The logic is that all objects exert a gravitational force relative to it’s size and the distance of the object it is acting on. The furthur away from the Earth you are, the weaker the gravity.

Gravity acts as a force, causing objects to accelerate (F=ma). That means our rocket must continue to accelerate against gravity in order to maintain it’s constant upward velocity.

Or another way to think of it:
If I fire a cannon straight up, it leaves the barrel with a particular upward velocity. Gravity will cause the object to decelerate at 32 f/s/s (9.8m/s/s) until it eventually slows to a velocity of zero and begins accelerating back towards the earth.

If I fire that projectile at 12 km/s, it won’t decelerate to zero velocity until it has passed a point where gravity no longer has an effect

Escape velocity* is the speed you need to throw an object at, so it doesn’t need any additional push to escape the earth’s gravity pull.

If you throw a ball upwards at 1mph, it will fly up about 1/2 inch before falling down. If you shoot it at 100mph, it’ll go up maybe 300 ft before coming back down. If you shoot it at 12km/s, it’ll keep on going and never come back. (Ignoring atmospheric friction)

*Technically it’s incorrect to refer to it as “escape velocity” - it’s really "escape speed because the direction doesn’t matter, as long as you don’t aim at the ground.

Right. Escape velocity is a ballistic speed. It applies to objects whose propulsion ends after the beginning of its journey. All rockets are like this. They need 17,000 mph to go into orbit and not drop back to earth and 25,000 mph to leave earth orbit.

The space elevator is an example of the propelled object. One can travel up the elevator away from earth at any speed and just drop into an orbit because force is being applied to the object at every moment, not just at the beginning.

Wiki’s explanation covers this.

Also, escape velocity depends on where you are. The 12km/s number is escape velocity from the ground (or from low earth orbit, which really is very low.) Escape velocity from, say, geosynchronous orbit is much lower.

So if you have a rocket with a limitless fuel supply, you can set your autopilot to climb at a rate of 1mph. Eventually you’ll reach an altitude where escape velocity is less than 1mph, at which point you can cut off the engine and coast away.

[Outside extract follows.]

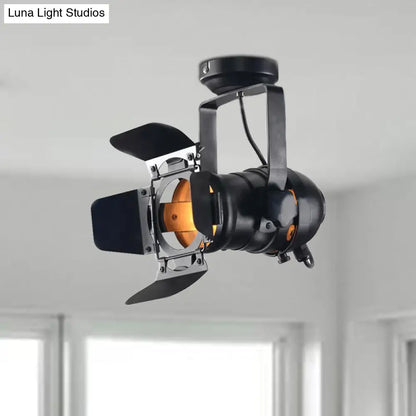 Lámpara de techo DecorBites™ de estilo industrial de 8"/12" de ancho con cabezal giratorio y pantalla metálica. Lámpara de techo de color negro para sala de estar.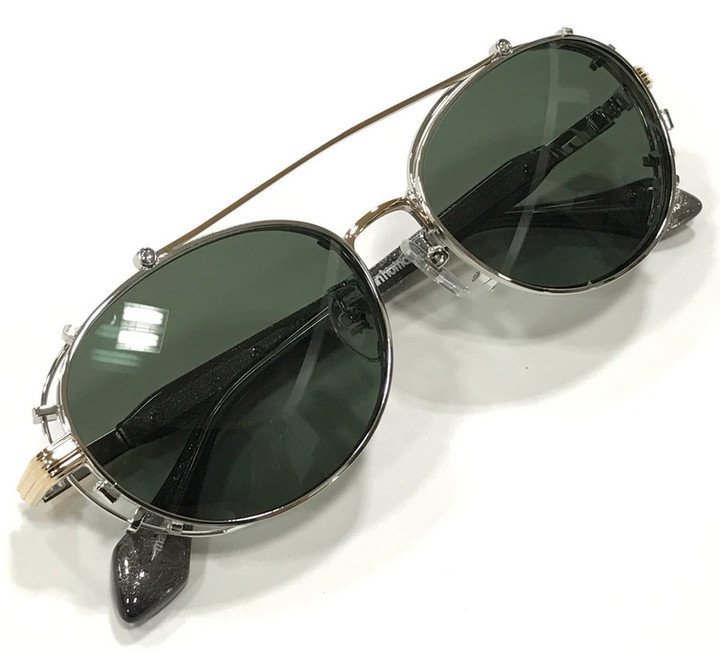 20171217kl7_72_cliponsunglass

Most significantly, I think - there is nothing magical about the escape velocity as a desired speed for rockets to leave earth. The ideal speed profile would depend on where you depart from and in what direction, and on your vehicle’s aerodynamic resistance and lift while moving through the atmosphere, and on the ability of your crew and payload to withstand force and vibration, and on the thrust you generate at different fuel consumption rates, and on how you want to be moving once you are fairly free of Earth (or of the Sun for that matter).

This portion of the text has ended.